* _Problem description_
Only the number is needed. Please count the lines below in which the word "Logo" occurs.

Data excerpts:
# # # # # # #

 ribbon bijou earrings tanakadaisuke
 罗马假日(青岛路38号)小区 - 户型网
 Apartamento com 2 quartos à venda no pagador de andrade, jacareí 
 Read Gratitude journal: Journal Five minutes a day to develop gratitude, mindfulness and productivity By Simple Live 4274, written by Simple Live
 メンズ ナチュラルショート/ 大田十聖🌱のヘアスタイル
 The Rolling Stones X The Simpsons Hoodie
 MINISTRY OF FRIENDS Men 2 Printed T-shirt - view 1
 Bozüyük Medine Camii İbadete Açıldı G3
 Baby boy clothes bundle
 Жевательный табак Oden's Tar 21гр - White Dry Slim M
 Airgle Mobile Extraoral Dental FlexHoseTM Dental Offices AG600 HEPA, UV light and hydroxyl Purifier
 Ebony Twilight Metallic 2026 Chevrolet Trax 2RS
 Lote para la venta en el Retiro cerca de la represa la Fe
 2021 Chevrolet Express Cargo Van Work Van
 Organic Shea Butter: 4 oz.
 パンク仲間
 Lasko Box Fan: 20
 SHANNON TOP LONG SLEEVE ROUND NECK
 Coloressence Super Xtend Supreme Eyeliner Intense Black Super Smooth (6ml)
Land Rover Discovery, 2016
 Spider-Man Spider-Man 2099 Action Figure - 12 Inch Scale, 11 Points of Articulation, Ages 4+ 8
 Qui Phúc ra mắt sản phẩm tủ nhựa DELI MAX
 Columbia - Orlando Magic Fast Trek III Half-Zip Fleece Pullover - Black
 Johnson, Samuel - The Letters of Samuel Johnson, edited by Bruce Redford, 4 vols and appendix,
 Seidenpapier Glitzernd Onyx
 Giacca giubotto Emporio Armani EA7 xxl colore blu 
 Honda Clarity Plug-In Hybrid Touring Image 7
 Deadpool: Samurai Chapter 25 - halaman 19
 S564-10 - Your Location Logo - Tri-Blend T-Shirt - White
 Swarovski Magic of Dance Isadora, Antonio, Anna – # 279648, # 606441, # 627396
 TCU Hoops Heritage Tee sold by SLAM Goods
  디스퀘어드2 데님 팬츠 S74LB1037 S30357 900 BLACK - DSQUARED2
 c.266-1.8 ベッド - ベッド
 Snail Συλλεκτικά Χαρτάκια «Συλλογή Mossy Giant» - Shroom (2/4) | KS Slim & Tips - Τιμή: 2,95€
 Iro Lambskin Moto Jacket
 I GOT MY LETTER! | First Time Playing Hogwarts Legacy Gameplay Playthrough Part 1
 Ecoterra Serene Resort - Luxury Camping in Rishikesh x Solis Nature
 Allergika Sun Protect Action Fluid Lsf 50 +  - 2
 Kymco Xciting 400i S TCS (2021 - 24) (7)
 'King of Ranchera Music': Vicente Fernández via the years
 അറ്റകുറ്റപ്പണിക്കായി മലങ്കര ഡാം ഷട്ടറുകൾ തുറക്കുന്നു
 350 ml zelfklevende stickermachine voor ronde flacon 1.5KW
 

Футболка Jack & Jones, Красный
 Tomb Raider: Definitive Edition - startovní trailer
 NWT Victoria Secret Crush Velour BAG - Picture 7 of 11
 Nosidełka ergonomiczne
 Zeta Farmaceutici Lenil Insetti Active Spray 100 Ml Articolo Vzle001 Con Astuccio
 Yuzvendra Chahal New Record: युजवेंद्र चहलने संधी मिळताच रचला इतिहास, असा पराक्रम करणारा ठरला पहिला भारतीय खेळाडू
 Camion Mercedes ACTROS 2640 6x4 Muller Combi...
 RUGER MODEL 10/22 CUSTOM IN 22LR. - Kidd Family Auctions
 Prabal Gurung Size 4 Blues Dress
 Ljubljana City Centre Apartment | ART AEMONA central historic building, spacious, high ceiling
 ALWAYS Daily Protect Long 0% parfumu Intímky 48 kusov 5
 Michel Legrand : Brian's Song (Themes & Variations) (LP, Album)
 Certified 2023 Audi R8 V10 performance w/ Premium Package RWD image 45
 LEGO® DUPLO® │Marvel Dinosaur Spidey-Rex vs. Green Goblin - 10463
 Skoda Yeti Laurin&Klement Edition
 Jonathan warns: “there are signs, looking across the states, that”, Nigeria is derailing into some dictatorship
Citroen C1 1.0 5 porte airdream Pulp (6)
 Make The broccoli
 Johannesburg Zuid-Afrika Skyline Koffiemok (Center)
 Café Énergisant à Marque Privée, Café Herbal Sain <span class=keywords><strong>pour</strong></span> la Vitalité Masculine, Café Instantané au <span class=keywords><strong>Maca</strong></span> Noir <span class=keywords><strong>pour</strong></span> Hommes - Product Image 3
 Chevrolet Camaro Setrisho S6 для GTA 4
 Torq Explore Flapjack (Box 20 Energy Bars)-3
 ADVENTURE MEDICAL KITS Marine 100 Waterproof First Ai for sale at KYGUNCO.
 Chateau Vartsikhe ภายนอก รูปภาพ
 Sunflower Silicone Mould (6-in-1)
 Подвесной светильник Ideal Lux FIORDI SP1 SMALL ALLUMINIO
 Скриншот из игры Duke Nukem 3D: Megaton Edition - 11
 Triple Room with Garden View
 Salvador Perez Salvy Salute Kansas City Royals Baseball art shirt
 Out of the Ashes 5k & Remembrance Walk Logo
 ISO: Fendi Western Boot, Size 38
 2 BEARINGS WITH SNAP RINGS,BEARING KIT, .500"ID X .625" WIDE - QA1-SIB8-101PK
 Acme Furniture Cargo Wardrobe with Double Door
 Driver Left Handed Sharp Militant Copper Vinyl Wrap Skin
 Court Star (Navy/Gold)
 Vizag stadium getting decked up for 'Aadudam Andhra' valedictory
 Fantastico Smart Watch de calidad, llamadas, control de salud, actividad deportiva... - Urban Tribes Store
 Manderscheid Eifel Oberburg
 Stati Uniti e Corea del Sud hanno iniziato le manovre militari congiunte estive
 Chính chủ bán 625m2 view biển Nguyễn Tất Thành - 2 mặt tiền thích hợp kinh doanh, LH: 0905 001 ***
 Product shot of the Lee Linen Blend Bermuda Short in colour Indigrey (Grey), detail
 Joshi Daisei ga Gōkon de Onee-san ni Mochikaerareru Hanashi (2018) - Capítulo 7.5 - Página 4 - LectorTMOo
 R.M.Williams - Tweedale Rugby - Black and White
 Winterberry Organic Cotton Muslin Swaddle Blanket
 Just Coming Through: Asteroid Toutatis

# # # # # # #

* _Worked solution_
2